As co-location prices declined over the years I started to invest in running my own hardware for the THogan.com website and email service. The thought was that a number of dedicated servers and a full suite of online services would make an excellent test bed for experimenting with new infrastructure technologies. Over the years, the number of services I was managing grew, and by 2013 included web hosting, Django and JBoss based application hosting, GIT hosting, JIRA, Confluence Wiki, email and calendaring, VOIP telephone service and conferencing call hosting, monitoring, off-site backup, and game servers.
Then I started letting other people in on the action in order to help cover the costs of the growing number of co-located servers in my collection. This was going well and the infrastructure I had built was robust and performed well. I had automated almost every part of the infrastructure, and it required little attention to keep things backed up, patched, and monitored.

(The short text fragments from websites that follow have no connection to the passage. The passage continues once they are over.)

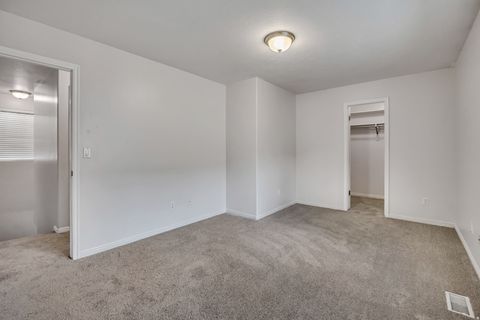 Tiny photo for 449 W 200 N #3, Bountiful, UT 84010 (MLS # 2141636)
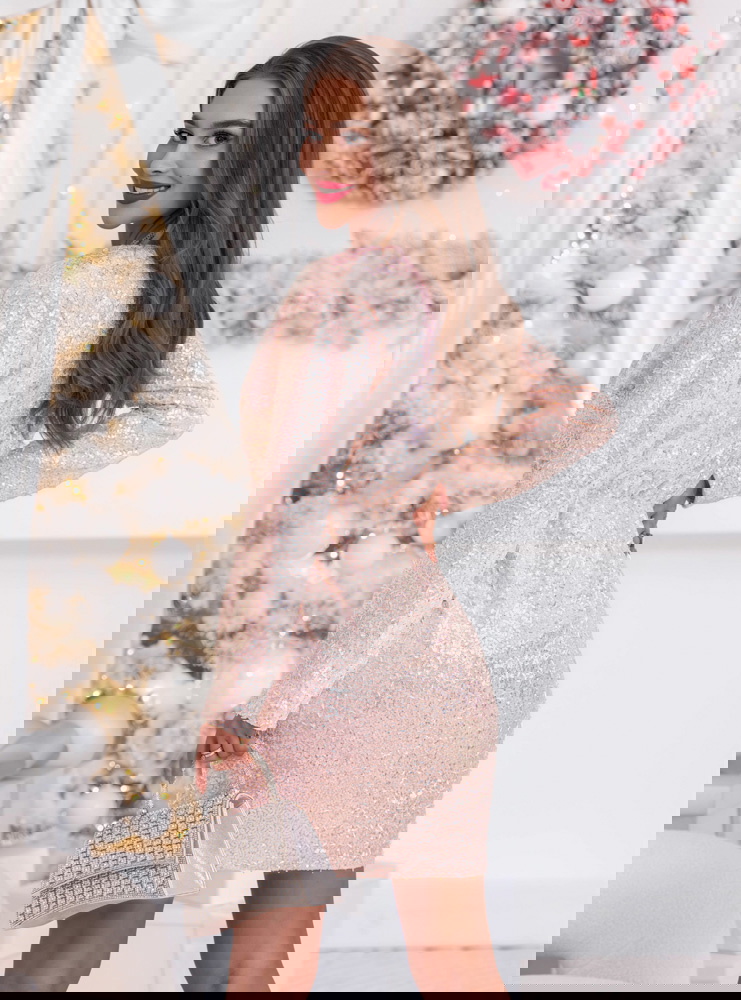 Pudrowa cekinowa sukienka świąteczna...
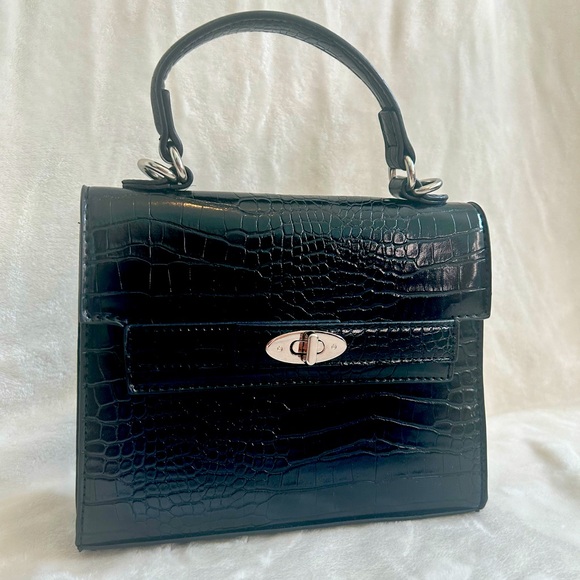 Madden NYC Handbag - Picture 1 of 4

However, through the act of providing critical services to other people on my infrastructure, the role of that infrastructure changed from a lab for learning into a production computing environment.

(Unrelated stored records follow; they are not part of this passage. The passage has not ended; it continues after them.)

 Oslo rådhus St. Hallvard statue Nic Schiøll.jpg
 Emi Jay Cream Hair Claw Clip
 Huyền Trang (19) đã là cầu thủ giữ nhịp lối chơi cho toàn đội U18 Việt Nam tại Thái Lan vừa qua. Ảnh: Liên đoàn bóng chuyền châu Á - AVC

The learning value that this hardware and hosting was supposed to provide to me slowly eroded as stability became critical. My hardware was no longer useful for testing, as it was hosting email, VOIP, web sites, and code repositories for myself and others. I found that changes to this environment had to be carefully planned, tested elsewhere, and implemented at off-peak hours.
For these reasons, I am discontinuing the availability of THogan.com hosted services.

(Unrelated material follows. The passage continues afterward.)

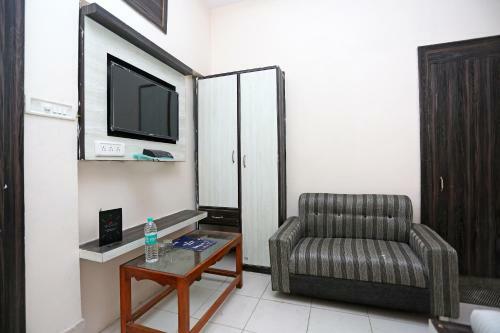 Oyo 28174 Hotel Sai Krupa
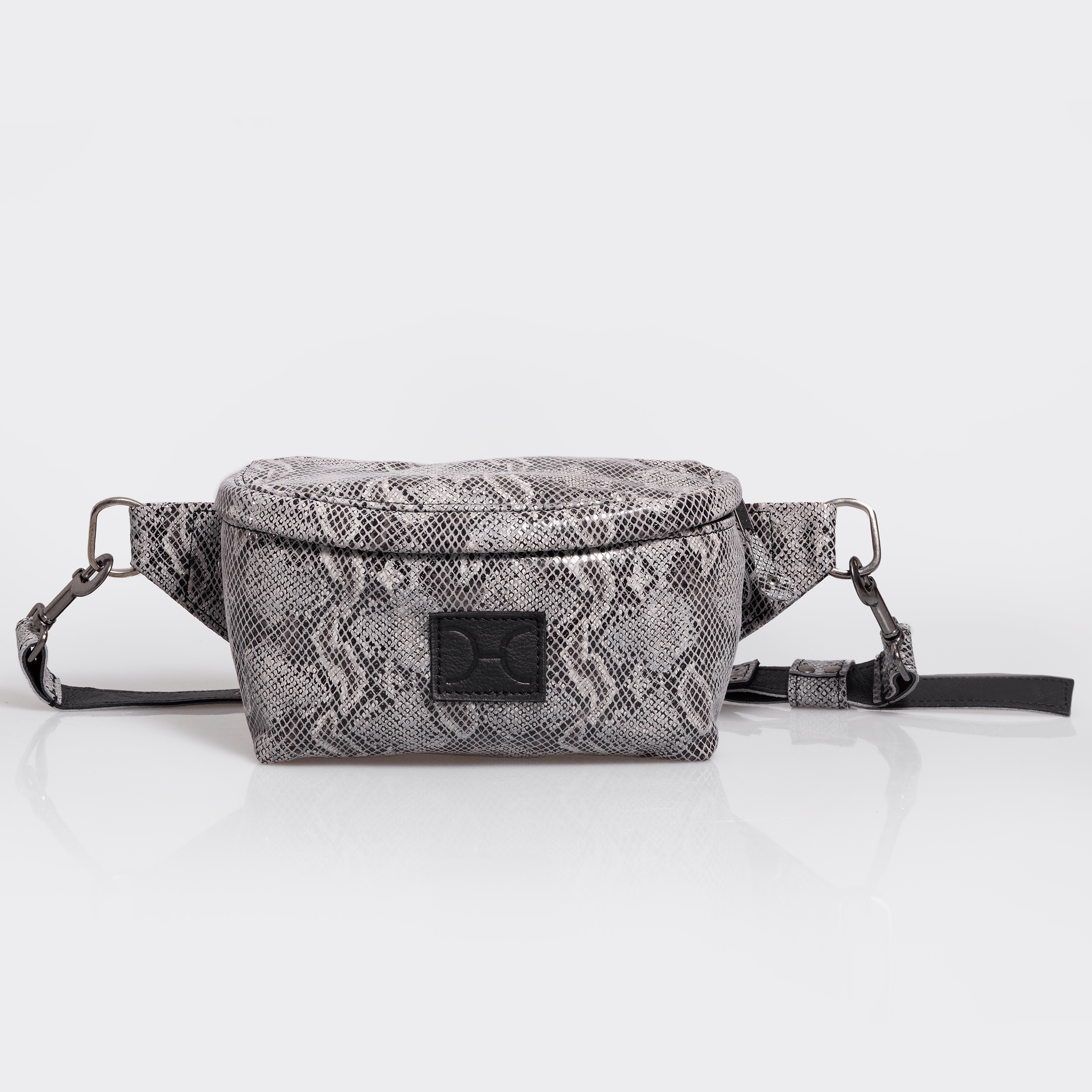 Ari Bumbag Leather RTS - Thandana UK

I have already moved all of my data elsewhere. I will be giving everyone some time and assistance in migrating their domains and services as well. Then once everyone is off, I will be recalling my hardware from co-location.
I intend to keep a lab, but it will be a home lab. Unfortunately I do not have the time or resources to maintain so many hosted services as a side-project.
The creation of this environment over the past 5 years has been an invaluable learning experience. But now it is time for me to get back to having a true lab/test infrastructure, and it is more suitable for such a thing to be at home, and not hosting critical services for others.